Wie sehen die 24 Stunden von Le Mans in ein paar Jahren aus? FIA und ACO präsentierten am Donnerstag am Circuit de la Sarthe ihre Zukunftsvisionen für den Langstreckenklassiker und erste Regeländerungen für das kommende Jahr. Motorsport-Magazin.com fasst die Neuerungen zusammen:

LMP1: Einschränkungen für Hybrid-Hersteller, Zugeständnisse für Privatteams

In der Königsklasse soll der Abstand zwischen den Hybrid-Boliden der Werke und den privat eingesetzten Prototypen in den kommenden Jahren weiter verringert werden. Geschah das in diesem Jahr noch durch Spritmengeneinschränkungen für die Hybrid-Autos, wird es 2017 vor allem über die Aerodynamik passieren. Der Splitter an der Front der Boliden wird um 15 Millimeter höher, die Höhe des Diffusers hingegen um 50 Millimeter gekürzt.

Die aerodynamischen Einschränkungen für LMP1-Hybriden ab 2017 - Foto: Motorsport-Magazin.com
Die aerodynamischen Einschränkungen für LMP1-Hybriden ab 2017Foto: Motorsport-Magazin.com

Im Gegenzug dürfen die privaten LMP1-Boliden schon ab 2017 breitere und tiefere Heckflügel einsetzen. Auch beim Bodywork an der Front des Boliden gibt es Zugeständnisse in Form einer größeren Breite, die aerodynamische Elemente einnehmen dürfen. Eine Angabe über die exakten Maße der Zugeständnisse tätigten FIA und ACO noch nicht.

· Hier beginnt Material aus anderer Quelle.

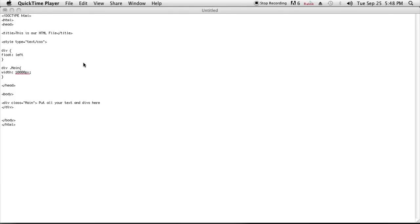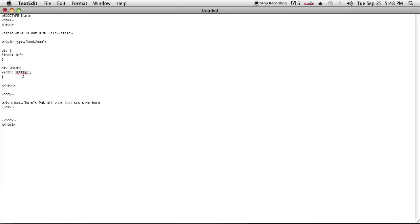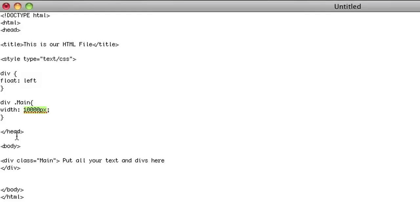So let's look ahead at the HTML file I have set up. What I do is I create a div — the main div here — which I set really, really wide. Right now I have it to 10,000 pixels. This makes a really wide div, and then every other div I have set to float left.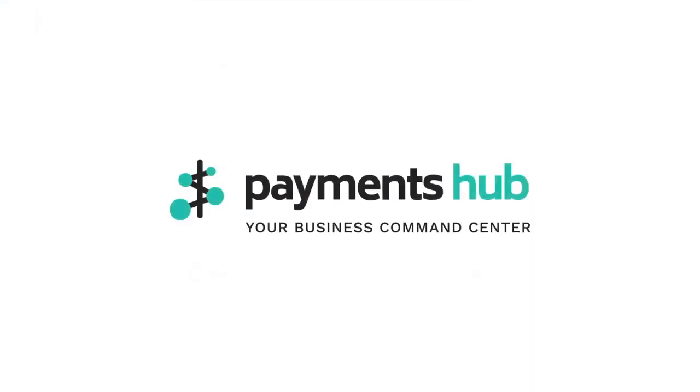Payments Hub – your business command center.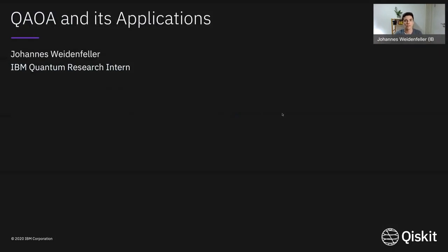Hi, my name is Johannes. I'm a research intern for IBM Quantum, and I'm going to talk to you today about the quantum approximate optimization algorithm, or QAOA, and its applications.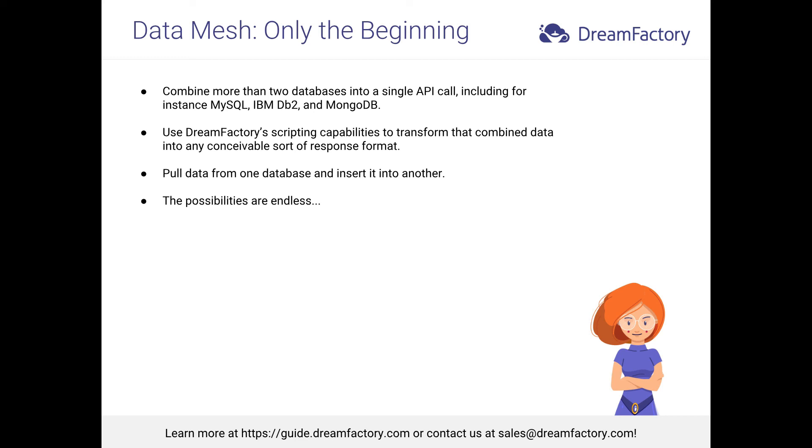If you'd like to learn more about DreamFactory, I invite you to check out our user's guide at guide.dreamfactory.com. Or better, schedule some one-on-one time with a member of our team by contacting sales at dreamfactory.com. Thank you.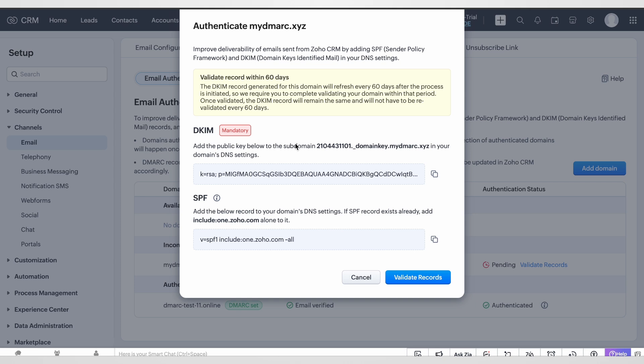For this we need to create a TXT type DKIM record in our DNS zone, which in this case is Cloudflare.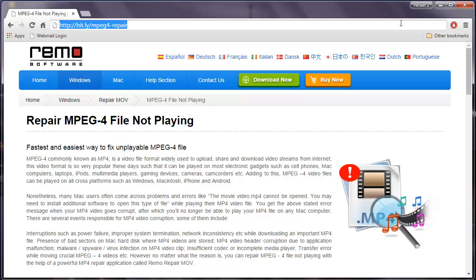So if you are looking to repair your corrupt or damaged MPEG-4 videos, then all you have to do is visit this link and download this MPEG-4 repair software onto your computer.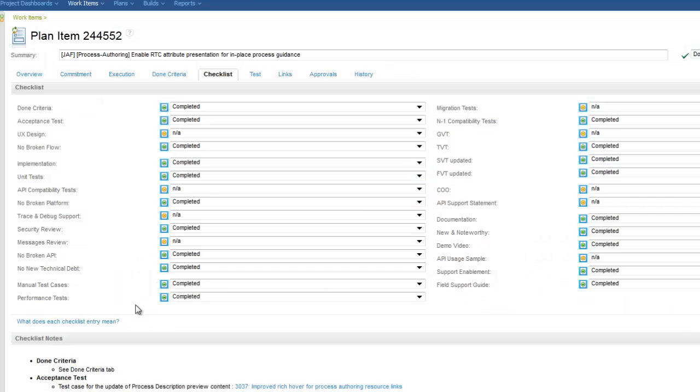Here we see a work item with a checklist that must be completed for any new feature. There are quite a few items in this list and developers need to know what each item means.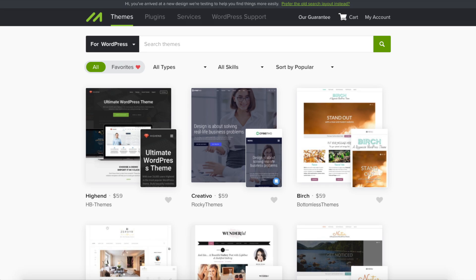You have successfully installed WordPress on HostGator. Alright guys, that is how to install WordPress on HostGator. I provided a step by step summary of this video via text in the description below. Give this video a thumbs up and subscribe to our channel for more WordPress video tutorials.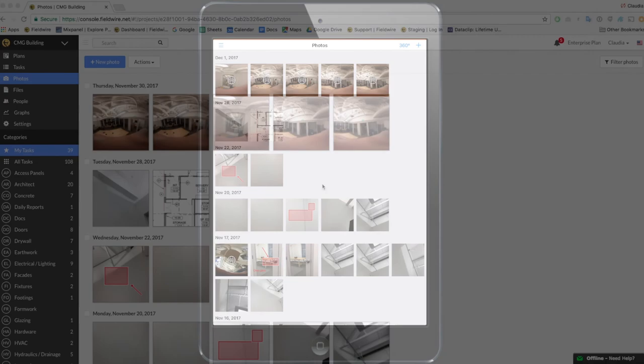You can also pan within these 360 photos on web. Thanks for watching and please check out our other tutorial videos for more tips. Bye!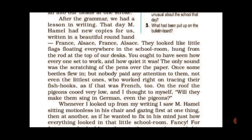You ought to have seen how everyone set to work and how quiet it was — 'set to' means to begin an activity. The only sound was the scratching of the pens over the paper. Class mein bilkul shanti thi, koi bhi baat nahi kar raha tha. Everybody was so serious, writing very neatly and beautifully. The sound of pen writing on paper could be clearly heard.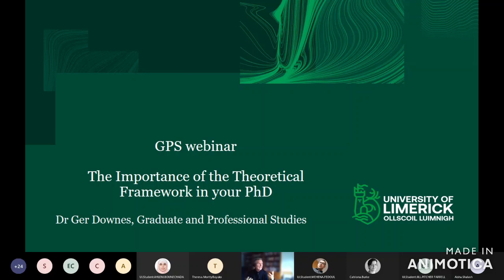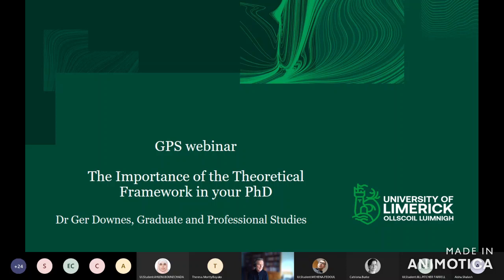It proposes connections or relationships between those key concepts, and it discusses the relevant theories based on a literature review. If we think of the theoretical framework as something that emanates from the literature review, that might help us in constructing it. It is an area where people struggle, and it's always a good idea to talk about this with your supervisor, who will provide a lot of guidance.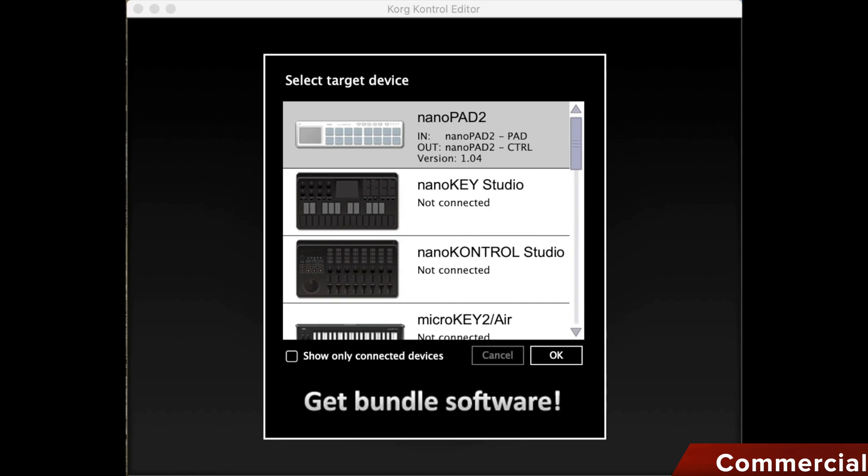To edit the NanoPad and some other Korg devices, you use the editor. This is either included with your device or you can download it from the Korg website. I have to admit that I rarely keep the accessory CDs anymore, as you can easily find almost everything with a search engine.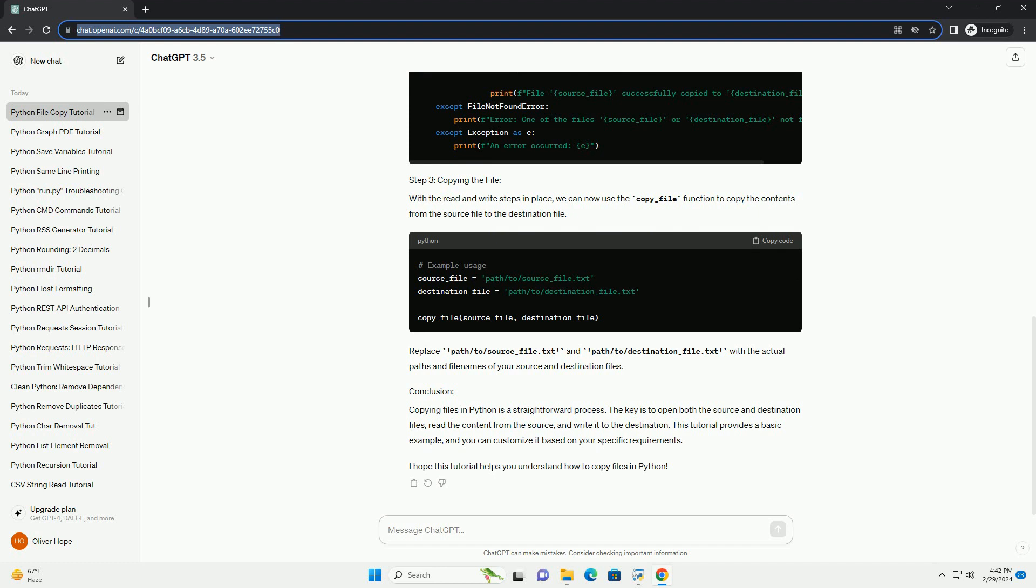With the read and write steps in place, we can now use the copy_file function to copy the contents from the source file to the destination file. Replace path/to/source_file.text and path/to/destination_file.text with the actual paths and file names of your source and destination files.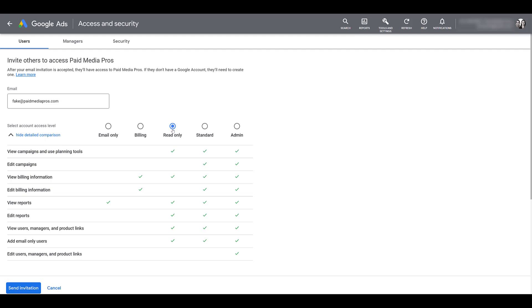Maybe look at it as view only access. They can still view billing information, but they can't change anything. They can view campaigns, but they can't change anything. They can still receive notifications and subscribe to the emails. Users with read only access can still also use planning tools like reach planner, keyword planner, performance planner. They can see who else has access to the account, but they can't update or change users. And the only user they can invite is an email only access user.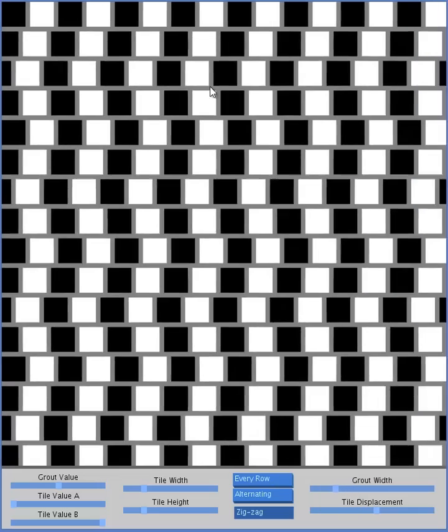So moving your mouse around here, it will never change the size of the squares, but it will change the spaces between them and the way that they are displaced. And you can change those down here manually as well.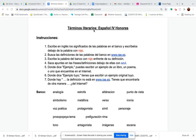Terminos literarios — literary terms. Like metaphor, alliteration, irony, stanza — though stanza's not much of one — and analogy, stuff like that.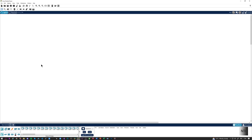Hello guys, welcome to Nerdstackinfo. So today I'm going to be teaching you on this Cisco Packet Tracer course, episode 2, how to create a basic network. So without further ado, let's begin this tutorial.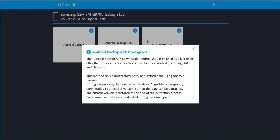Now something we are looking at removing is this including JTAG and chip off because those methods are no longer relevant on many devices. And while we do want it to be a last resort, this is a fantastic way of temporarily downgrading Android 12 applications that are more restricted than before to a version where we could actually extract more information to get you more relevant content that is a part of your investigation.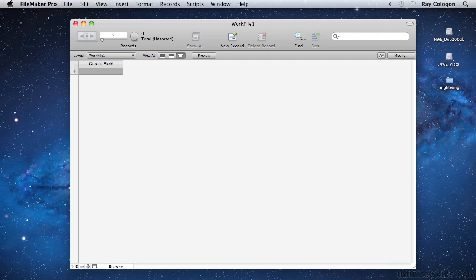For example, in a word processor, a new file generally provides a blank page for you to start typing into, and in a spreadsheet application, you're presented with an empty grid of rows and columns into which you can start entering tabular information. Because FileMaker is a database application, it requires that you create a database structure for your file before you can begin entering data.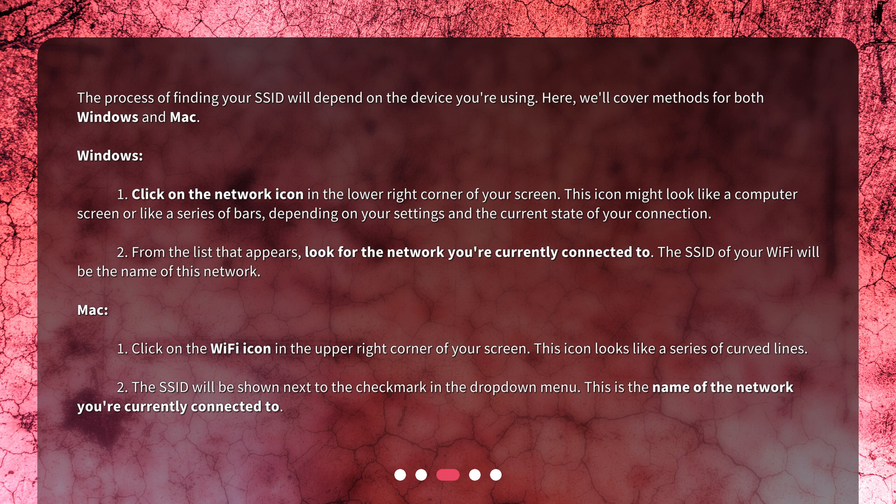Mac: 1. Click on the WiFi icon in the upper right corner of your screen. This icon looks like a series of curved lines. 2. The SSID will be shown next to the checkmark in the drop-down menu. This is the name of the network you're currently connected to.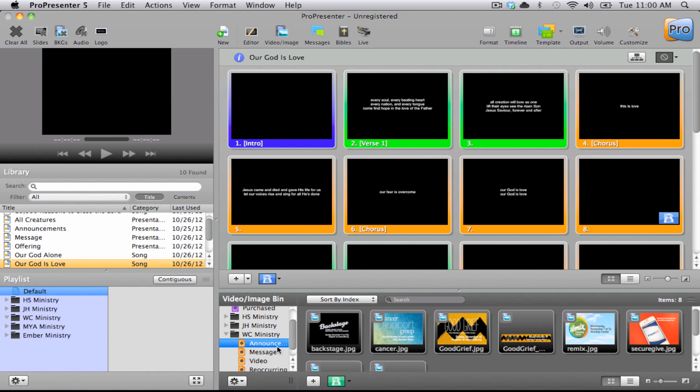Recently, ProPresenter came out with a new feature called Hot Folders. The concept behind this was to eliminate the need to import all of the media to the computer and then again to ProPresenter.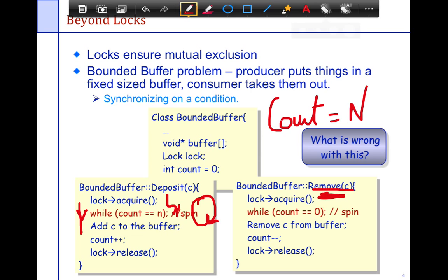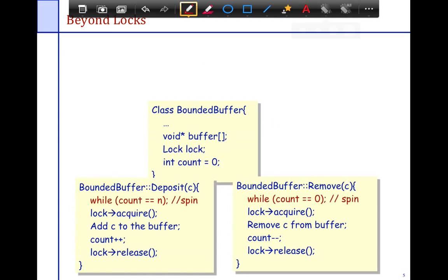We've synchronized correctly with the lock to protect the data structure itself, but the program doesn't work because you're checking a constraint while holding the lock. So in the next solution, I moved the condition check outside of the lock — because the problem was that within the lock, if I keep spinning, no one can remove anything. So I moved it outside the lock.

Die LMP1-Privatautos bekommen breitere und tiefere Heckflügel - Foto: Motorsport-Magazin.com
Die LMP1-Privatautos bekommen breitere und tiefere HeckflügelFoto: Motorsport-Magazin.com

Das Minimumgewicht der privaten LMP1 wird auf 830 Kilogramm herabgesetzt, für deren Motoren gibt es künftig keine Hubraumobergrenze und die Teams unterliegen keinem Limit mehr für eingesetzte Motoren.

Auch an der Front bekommen die LMP1-Privaten Zugeständnisse - Foto: Motorsport-Magazin.com
Auch an der Front bekommen die LMP1-Privaten ZugeständnisseFoto: Motorsport-Magazin.com

In einem zweiten Schritt könnte für die privaten LMP1-Autos sogar die Einführung eines DRS für den Heckflügel folgen. Dieser Vorschlag befindet sich aktuell aber noch in der Diskussionsphase.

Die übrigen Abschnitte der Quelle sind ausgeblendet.